For future reference, please *link* to mailing list threads in the archives rather than pasting parts into the bug. http://mail.gnome.org/archives/gtk-devel-list/2004-August/msg00136.html Continued in: http://mail.gnome.org/archives/gtk-devel-list/2004-September/msg00000.html
Created attachment 32290 [details] Beta implementation of linear probing hash This is a initial implementation of a linear probing hash. It seems to be working nice, although quite slowly. The main problem is that the implementation of the removal operation is non-trivial in using linear probing. I used a array of flags to differentiate removed, empty, and used entries, which resulted in a memory overhead of two bits per entry. The other reason that the code is two slow is that I used quite naive politics for rehashing (hash table resizing).

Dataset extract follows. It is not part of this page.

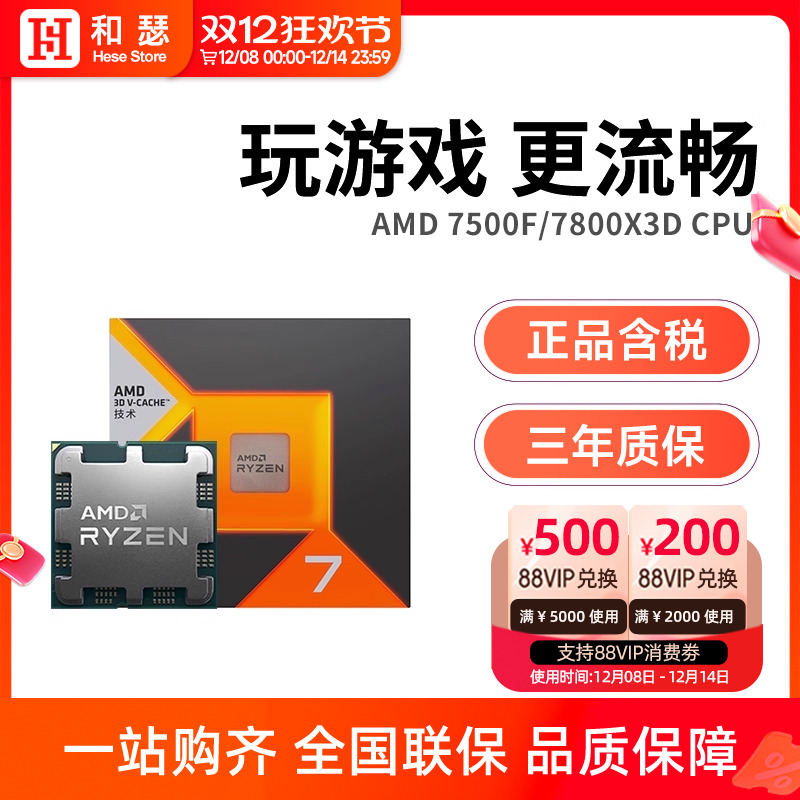 AMD锐龙7000系列中文盒装处理器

I need to spend a bit more of time in it. Tips are welcome. Finally, the automated test, hash-test.c is a bit unfair, since it creates a full hash, remove all elements and fill the hash again. AFAIK, this is not a common use case.
Created attachment 32291 [details] Beta implementation of linear probing hash This is a initial implementation of a linear probing hash. It seems to be working nice, although quite slowly. The main problem is that the implementation of the removal operation is non-trivial in using linear probing. I used a array of flags to differentiate removed, empty, and used entries, which resulted in a memory overhead of two bits per entry. The other reason that the code is too slow is that I used quite naive politics for rehashing (hash table resizing). I need to spend a bit more of time in it. Tips are welcome. Finally, the automated test, hash-test.c is a bit unfair, since it creates a full hash, remove all elements and fill the hash again. AFAIK, this is not a common use case.
Anyone implementing another hash must take care with the automated test. Line 387 calls g_hash_table_foreach (hash_table, my_hash_callback, NULL), creating a subtle bug. my_hash_callback changes the values of the elements in the hash. But the values of the hash are the same pointers of the keys (line 351 g_hash_table_insert (hash_table, &array[i], &array[i])). Therefore, the keys will also be changed, what might corrupt the hash table. Both the current implementation and the linear probing hash can pass the test, but purely by luck.
Comment on attachment 32291 [details] Beta implementation of linear probing hash Dup of #32290
We're planning to switch GHashTable to open addressing in 2.19.x, see bug 526456
With open addressing being committed, I guess this can be closed now.